The verses that made such an impression on me regarding these two subjects are found in Matthew 17:
But Jesus came and touched them, saying, “Rise, and have no fear.” And when they lifted up their eyes, they saw no one but Jesus only.
Matthew 17:7-8 (ESV)
This problem of suffering is like a box that I periodically get down from its dusty shelf to examine from all angles. Eventually I give up and shove it back for a while, maybe even cover it up with a couple old sweaters. There’s so much I don’t understand about pain and evil in the world.
The greatest thinkers of all time have talked at length about this difficulty. I’ve read their books over the years–Cries of the Heart by Ravi Zacharias, The Problem of Pain by CS Lewis, Where is God When it Hurts by Philip Yancy. (I even read When Bad Things Happen to Good People by Harold S. Kushner, but I do not recommend that you read it.

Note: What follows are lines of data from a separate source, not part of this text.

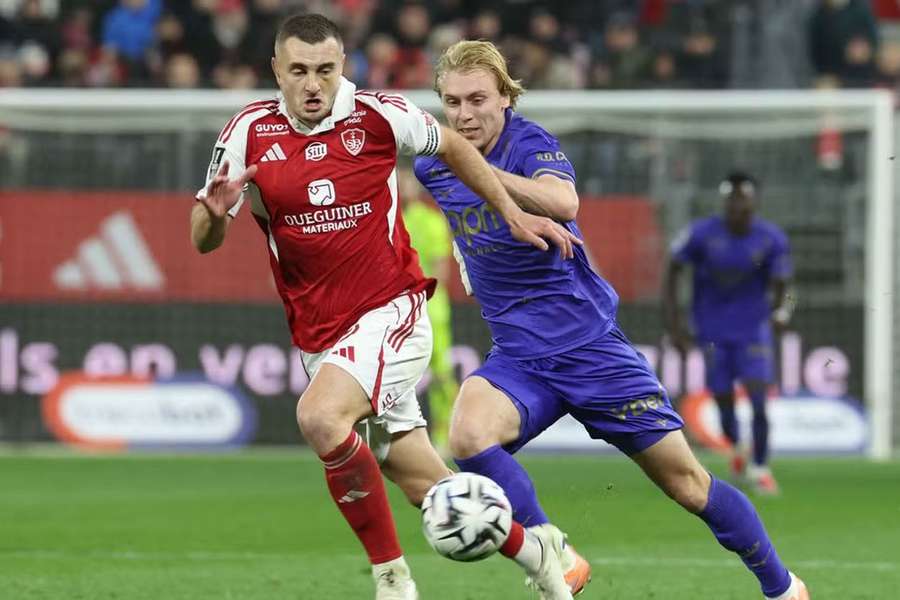 Brest sobreviveu à inferioridade numérica para segurar os três pontos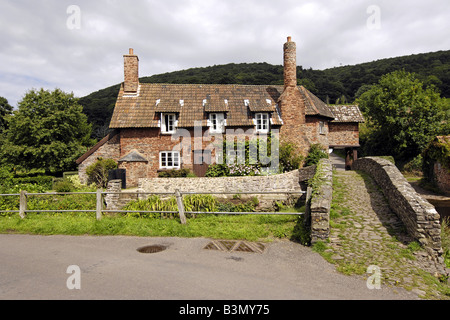 The packhorse bridge and cottages at Allerford village on Exmoor N Devon Stock Photo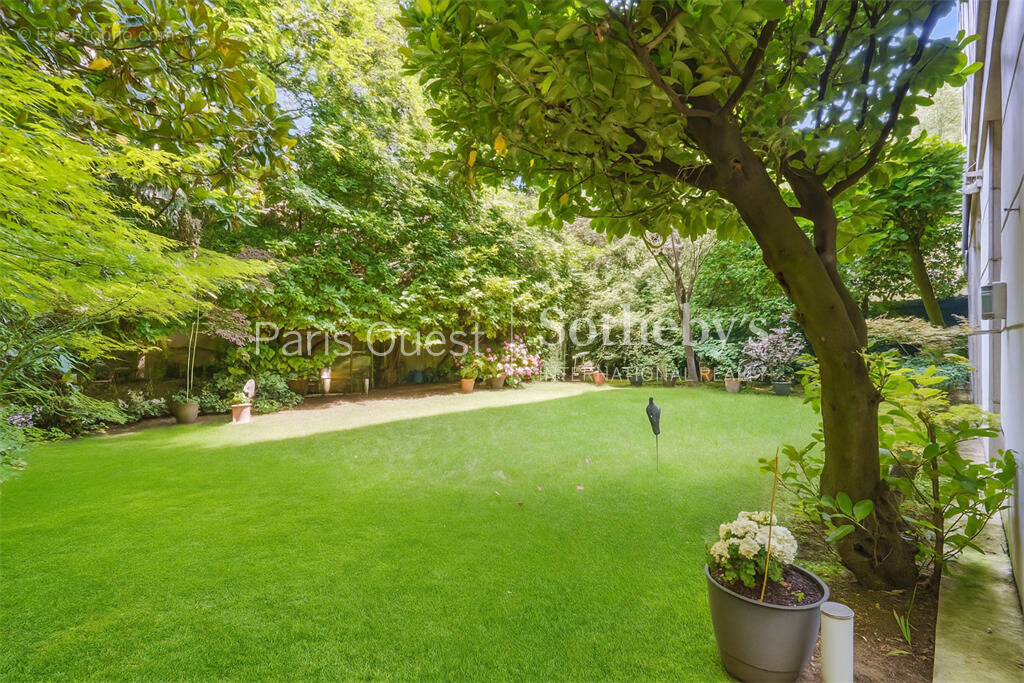 Appartement à NEUILLY-SUR-SEINE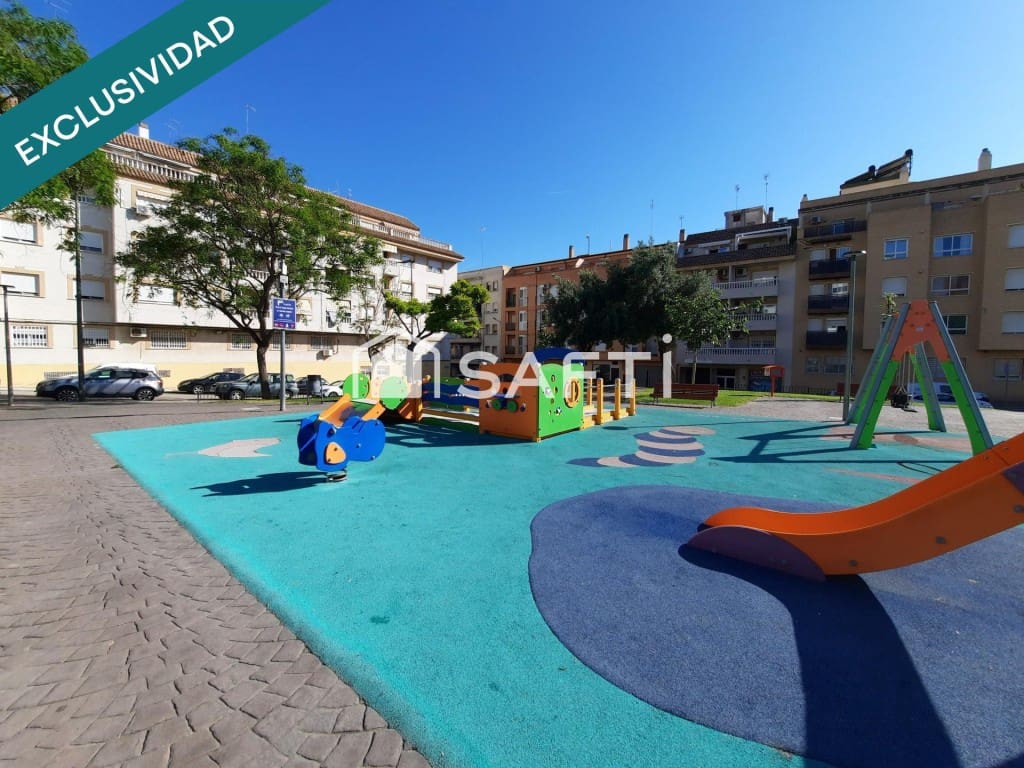 Comercial para venda em Paterna - 160 000 € (Ref: 10142382)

It’s depressing and I don’t agree with his view of God.) Gaining an intellectual perspective can be helpful to form a framework of how the world works.
But intellect can’t answer all the questions of the heart. Oh I know, I like smart solutions that take no emotional energy. I’m uncomfortable with finding a less-than-rational answer. But it simply doesn’t work to reason ourselves out of feeling pain. And I wonder if this is because the answer to our suffering cannot be adequately formulated by the mind.
I believe the answer to our suffering lies in having an encounter with God. When I am brave enough to peel back the layers, I discover that the greatest pain of all lurks underneath–the pain of feeling abandoned by God.
Isn’t that what Job experienced? Yes, he lost his family and all he owned. But worse than that, he felt betrayed by God. The only way for him to make peace with his pain was to fume at God and to hear God respond to him. What redeemed Job’s pain in the end–a new family and set of possessions? No, Job’s most precious reward was being able to talk heart-to-heart with God.
Admittedly, this way of viewing life leaves us in limbo at times, waiting for God to show up in our dark places. Our hearts can feel broken for a while before we experience God’s redemption. This is where faith comes into play; faith that the waiting will not be vain, and that God will show up and meet our need.
Oswald Chambers echoes this in My Utmost for His Highest: “When God gets us alone through suffering, heartbreak, temptation, disappointment, sickness, or by thwarted desires, a broken friendship–when He gets us absolutely alone, and we are totally speechless, unable to ask even one question, then He begins to teach us.”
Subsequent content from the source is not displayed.